What you have to do: From the line containing "Have you been" to the last line of the data below, copy everything exactly and nothing else; pictures stay out.

Information provided:

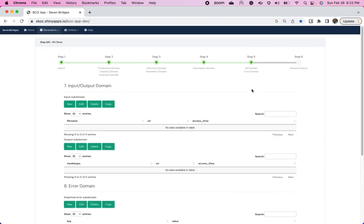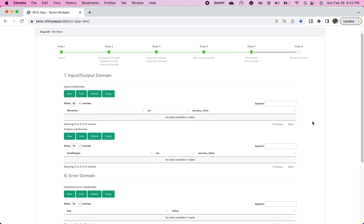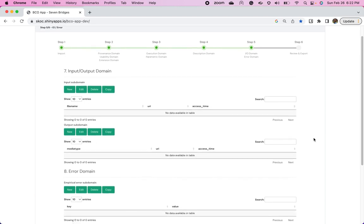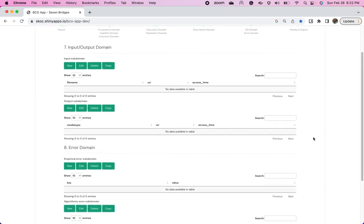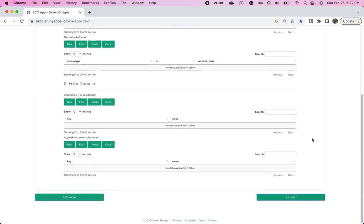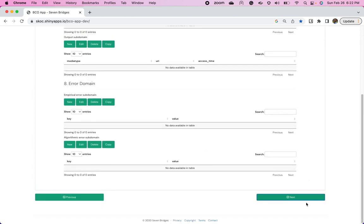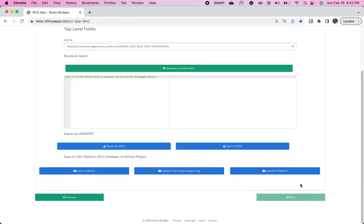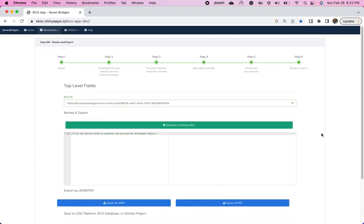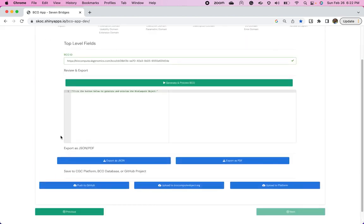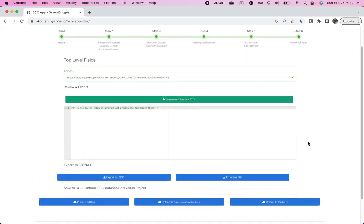And there's an input and output domain. This is where if you set up your inputs and outputs for the app are expected or required, you would see them here. Since this was for a general workshop and more teaching the concepts of RNA-seq, I left this out of that workflow. And finally, you have the last field. And this is where we're going to finally generate and preview our BCO.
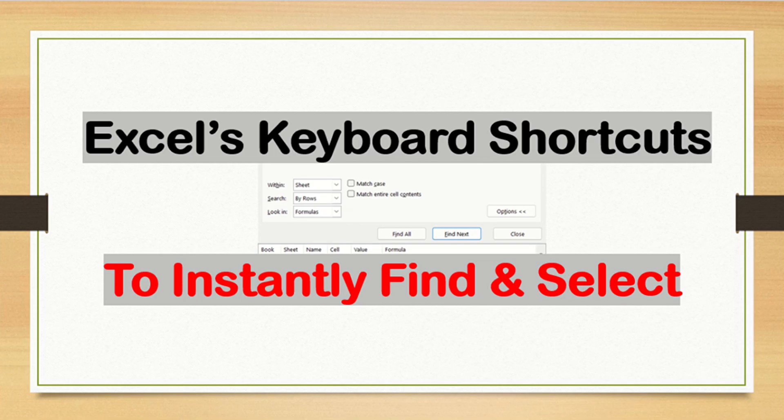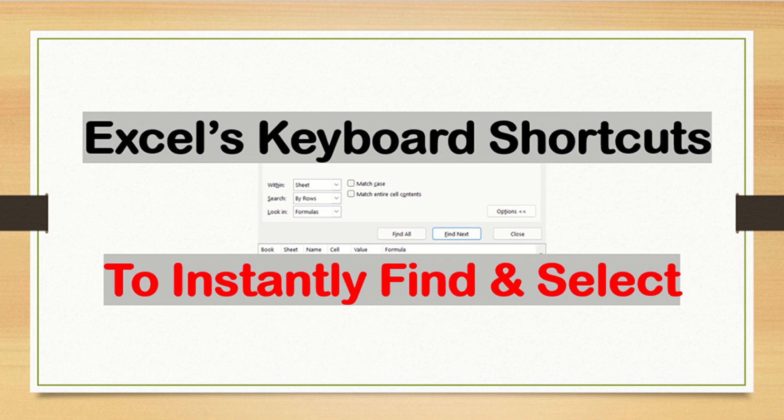Have you been spending so much time finding and selecting data in a spreadsheet? Stop right there and watch this video — your life will be changed forever. Make use of the Advanced Select Excel function with super easy steps. You just need three combinations of keyboard shortcuts, and you have the data selected and highlighted. This is such an efficient way to find and select data.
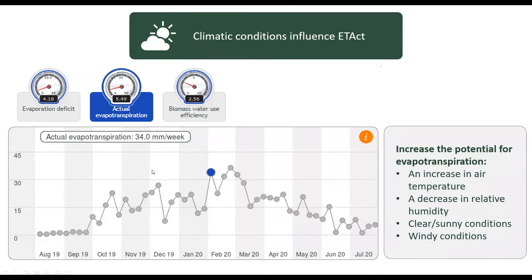For example, the following conditions can increase the potential for evapotranspiration: an increase in air temperature, a decrease in relative humidity, clear or sunny conditions, and windy conditions.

Answer to this exercise:
Have you been spending so much time finding and selecting data in a spreadsheet? Stop right there and watch this video — your life will be changed forever. Make use of the Advanced Select Excel function with super easy steps. You just need three combinations of keyboard shortcuts, and you have the data selected and highlighted. This is such an efficient way to find and select data.
For example, the following conditions can increase the potential for evapotranspiration: an increase in air temperature, a decrease in relative humidity, clear or sunny conditions, and windy conditions.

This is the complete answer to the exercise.